With this in mind, I revisited Chris Marquart’s excellent UVM dissertation on living-learning communities at St. Lawrence. Of particular interest were the ways that our faculty were at the forefront of educational innovation. The FYP, living-learning communities, community-based learning: these were all very far ahead of their time.

I don’t want to engage in unhelpful nostalgia, but reading about SLU in the 1980s gave me a new appreciation for how hard it is to sustain an innovative spirit in higher education.

A name that came up several times in Marquart’s dissertation was Richard Guarasci, SLU professor and 18th President of Wagner College. He wrote an excellent (2006) article, “On the Challenge of Becoming the Good College,” one worth revisiting.

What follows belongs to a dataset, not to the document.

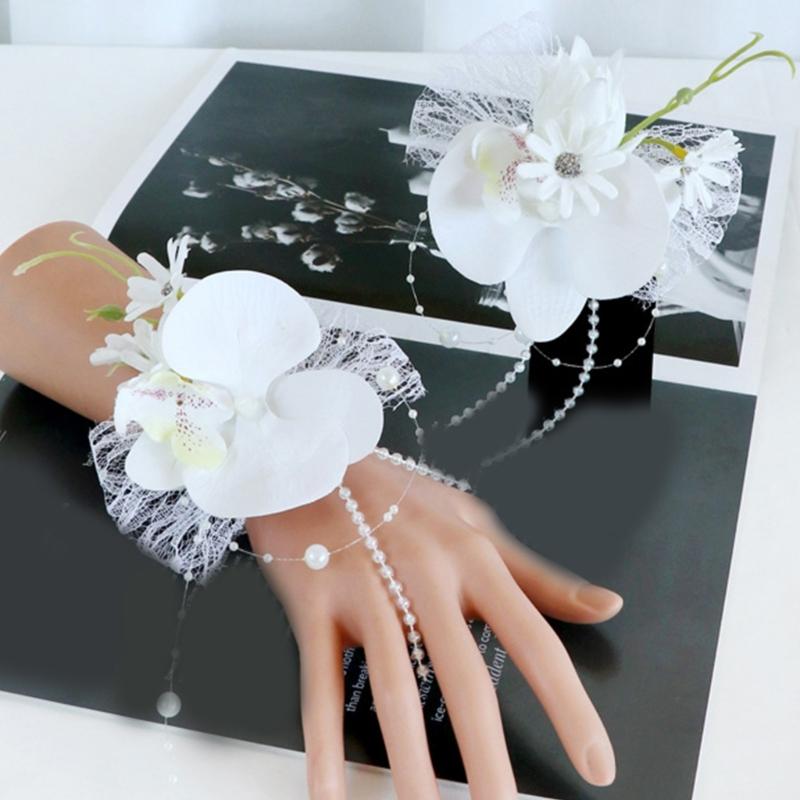 Wedding Wreath Wedding Corsages Wrist Corsages Flower Bracelets Wristband for Bridal Shower, Wedding Party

At the heart of Guarasci’s argument is that colleges need to continuously innovate, but educational changes must come from the passions and commitments of the faculty. Unfortunately, as Guarasci notes, “It might be said that two universal conditions of faculty members are exhaustion and anxiety” (p. 19). If this was the case in 2006, how much more so in 2022.

Guarasci lists 6 lessons for effective change, and they are worth heeding today. Though exhaustion and anxiety may make disconnection feel like the safest option, I think Guarasci is absolutely right to counsel more connection. We need to reconnect with what brings us joy in our work, and we need to reconnect with the passions and talents of our colleagues and leaders. Drawing on the work of William Sullivan, he suggests the ideal of the “civic professional,” the faculty member who sees the wellbeing of the college as uniquely and importantly interconnected with their wellbeing.

Looking at the history of St. Lawrence’s lasting reforms, I hope we can embrace this ideal of the civic professional. In this way, we will create the programs and traditions that colleagues will look back on with appreciation 40 years from now.